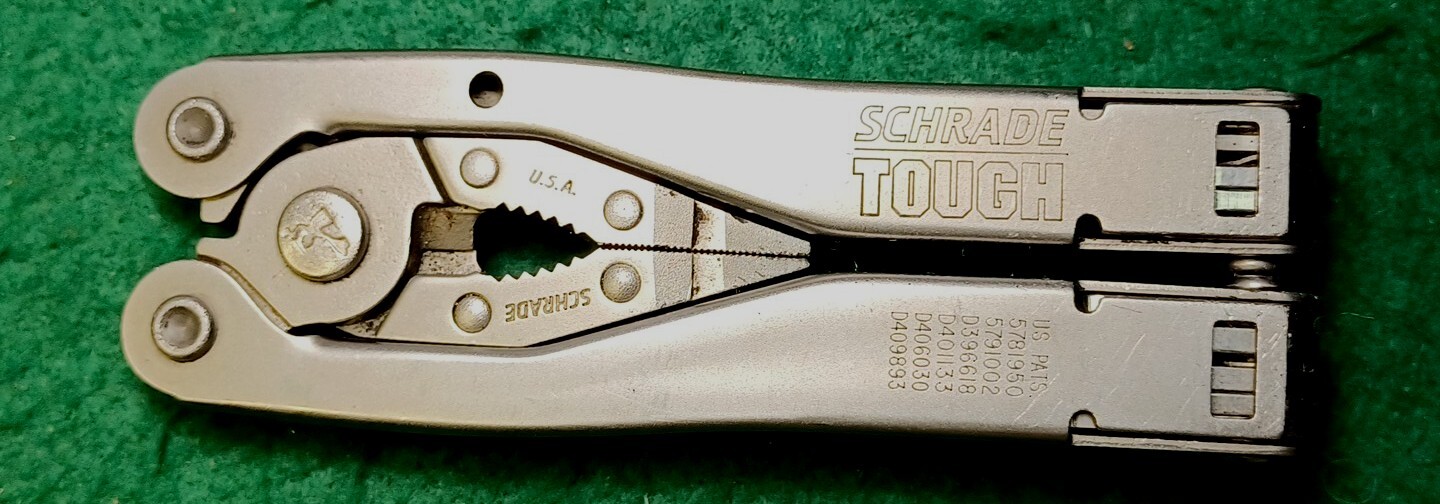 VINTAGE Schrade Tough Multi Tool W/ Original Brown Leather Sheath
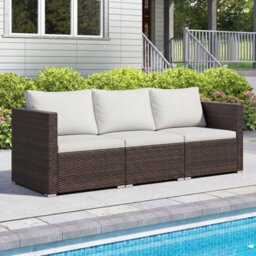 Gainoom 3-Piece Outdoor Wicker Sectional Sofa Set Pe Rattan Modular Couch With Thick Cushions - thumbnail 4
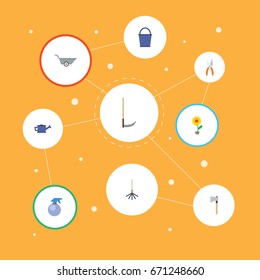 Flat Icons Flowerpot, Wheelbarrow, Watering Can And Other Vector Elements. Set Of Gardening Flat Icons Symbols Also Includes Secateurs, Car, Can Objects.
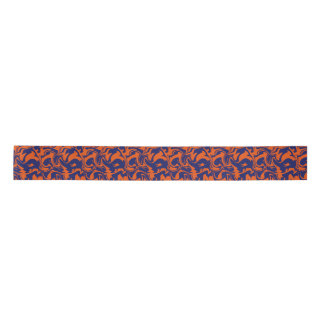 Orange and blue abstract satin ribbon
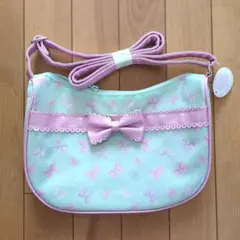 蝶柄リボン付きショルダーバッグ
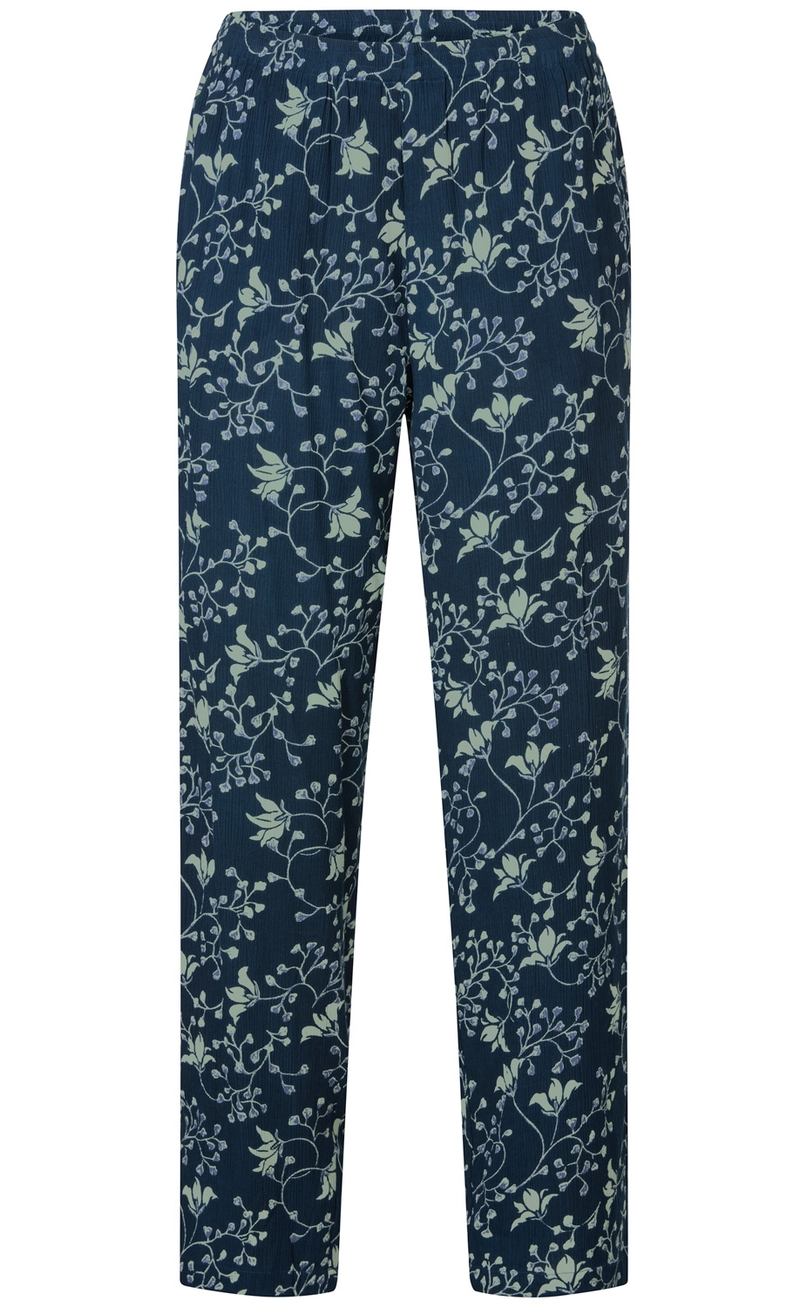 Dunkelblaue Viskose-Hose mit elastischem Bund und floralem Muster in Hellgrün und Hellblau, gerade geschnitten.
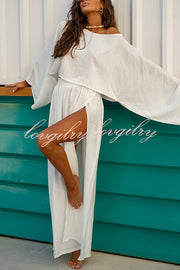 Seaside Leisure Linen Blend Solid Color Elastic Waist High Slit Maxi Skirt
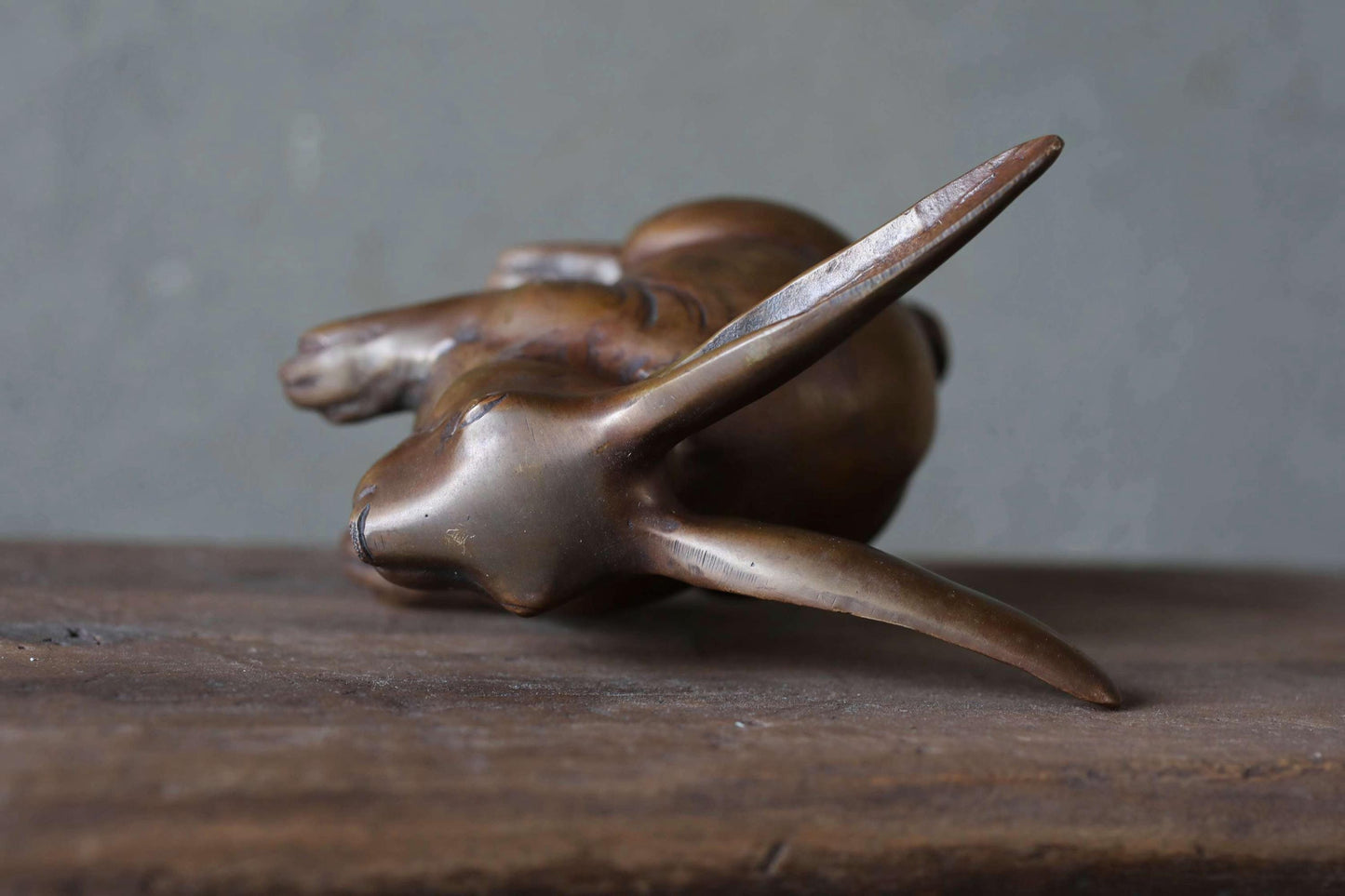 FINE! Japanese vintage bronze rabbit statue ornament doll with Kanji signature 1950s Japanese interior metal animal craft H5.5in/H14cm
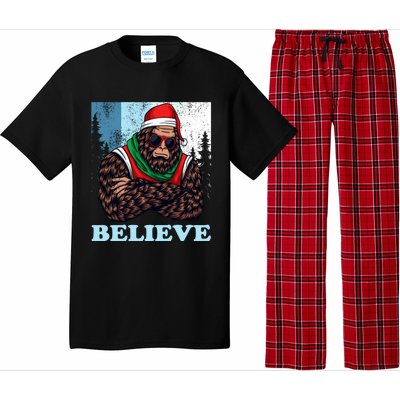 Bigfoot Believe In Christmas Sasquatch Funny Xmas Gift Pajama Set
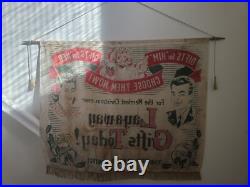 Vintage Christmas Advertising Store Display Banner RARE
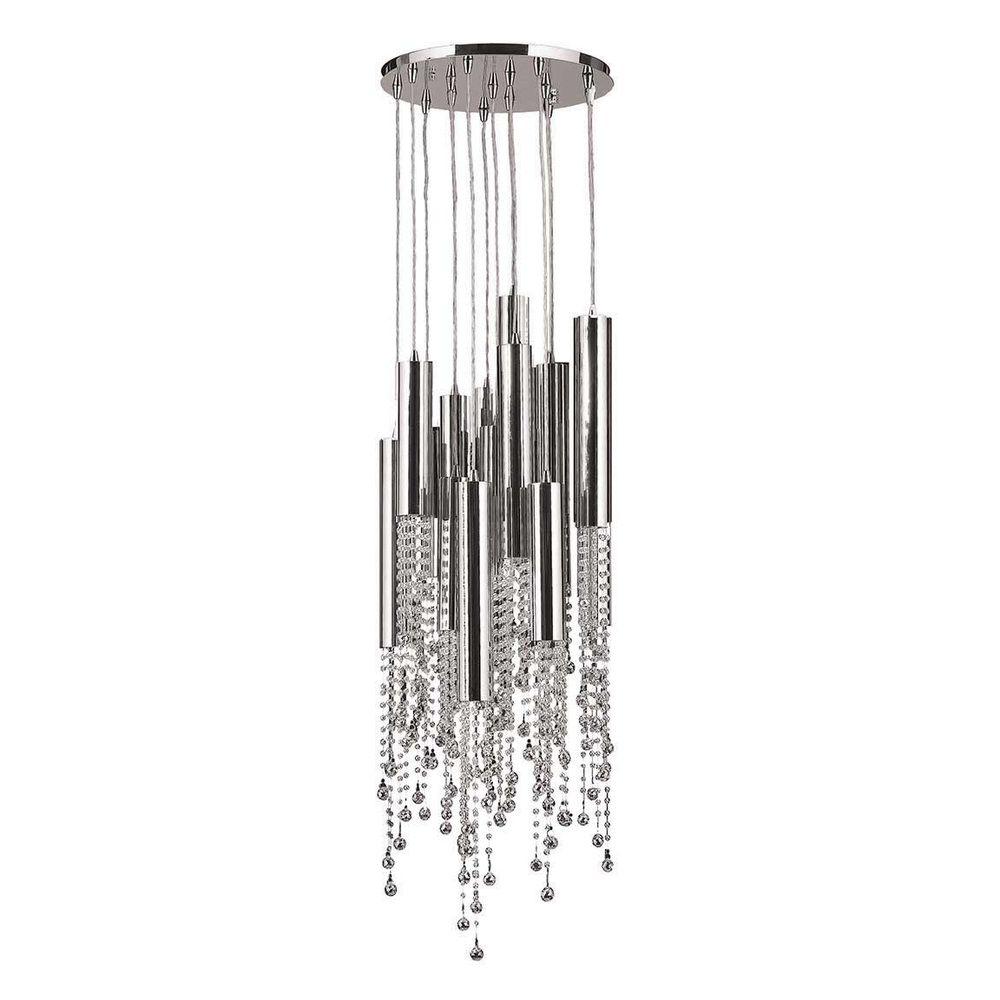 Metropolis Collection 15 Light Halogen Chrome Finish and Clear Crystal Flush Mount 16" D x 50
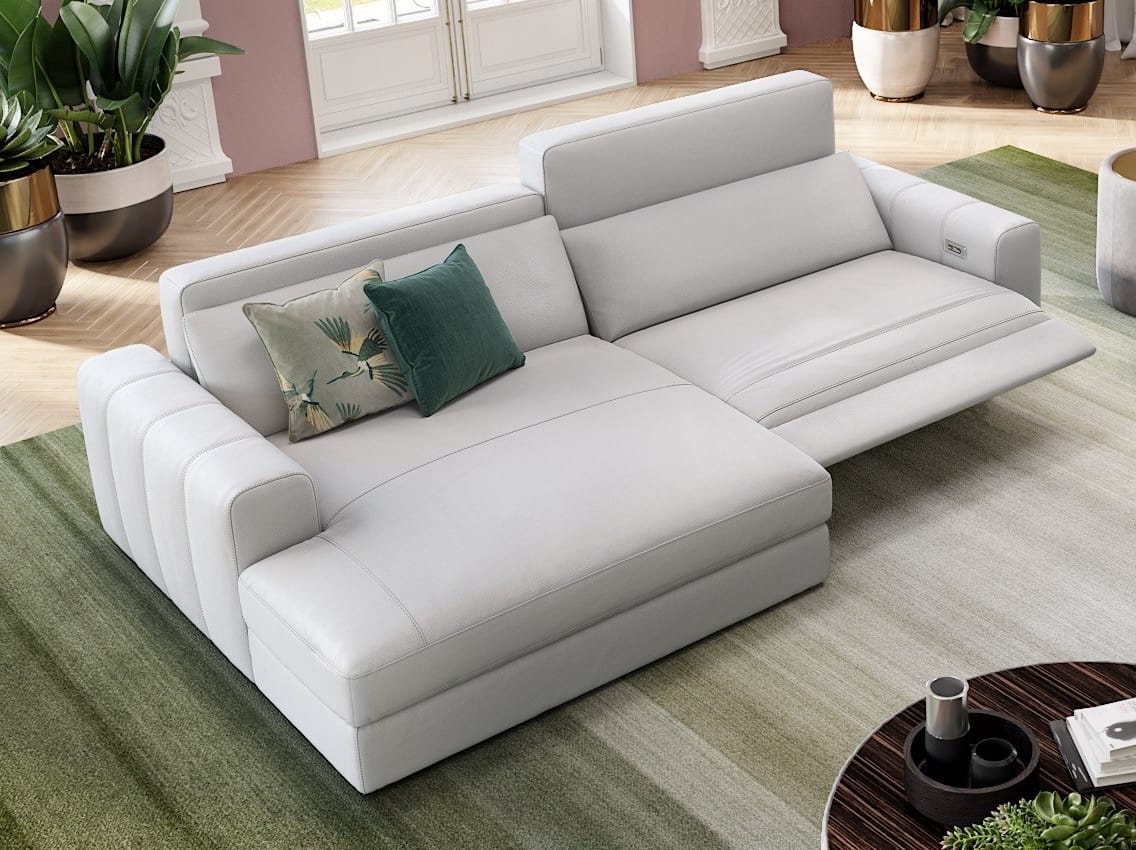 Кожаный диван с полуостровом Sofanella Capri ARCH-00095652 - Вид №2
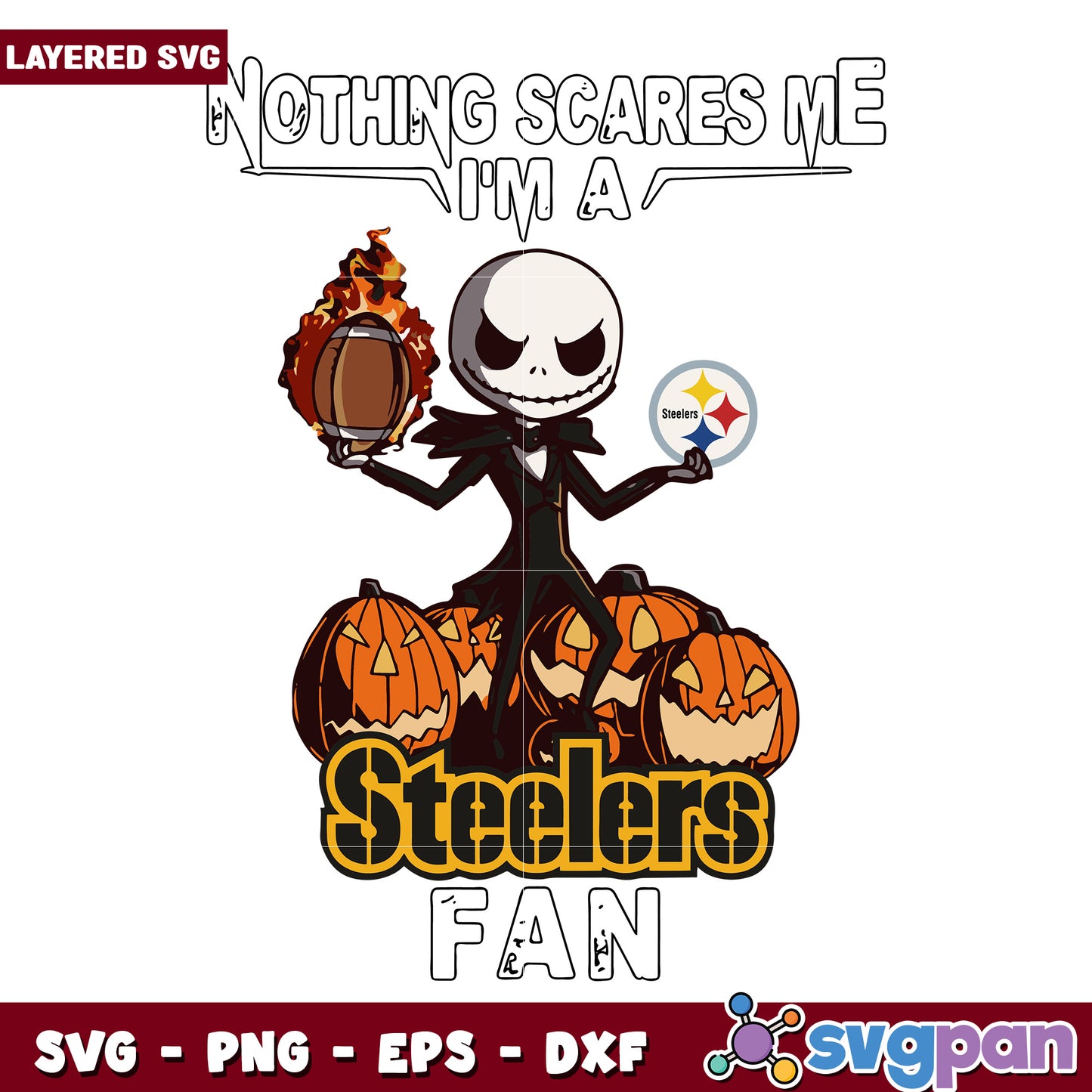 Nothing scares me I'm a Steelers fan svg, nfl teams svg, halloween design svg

Required work
Output the listing word for word. Drop the pictures.

Completed task
 VINTAGE Schrade Tough Multi Tool W/ Original Brown Leather Sheath
 Gainoom 3-Piece Outdoor Wicker Sectional Sofa Set Pe Rattan Modular Couch With Thick Cushions - thumbnail 4
 Flat Icons Flowerpot, Wheelbarrow, Watering Can And Other Vector Elements. Set Of Gardening Flat Icons Symbols Also Includes Secateurs, Car, Can Objects.
 Orange and blue abstract satin ribbon
 蝶柄リボン付きショルダーバッグ
 Dunkelblaue Viskose-Hose mit elastischem Bund und floralem Muster in Hellgrün und Hellblau, gerade geschnitten.
 Seaside Leisure Linen Blend Solid Color Elastic Waist High Slit Maxi Skirt
 FINE! Japanese vintage bronze rabbit statue ornament doll with Kanji signature 1950s Japanese interior metal animal craft H5.5in/H14cm
 Bigfoot Believe In Christmas Sasquatch Funny Xmas Gift Pajama Set
 Vintage Christmas Advertising Store Display Banner RARE
 Metropolis Collection 15 Light Halogen Chrome Finish and Clear Crystal Flush Mount 16" D x 50
 Кожаный диван с полуостровом Sofanella Capri ARCH-00095652 - Вид №2
 Nothing scares me I'm a Steelers fan svg, nfl teams svg, halloween design svg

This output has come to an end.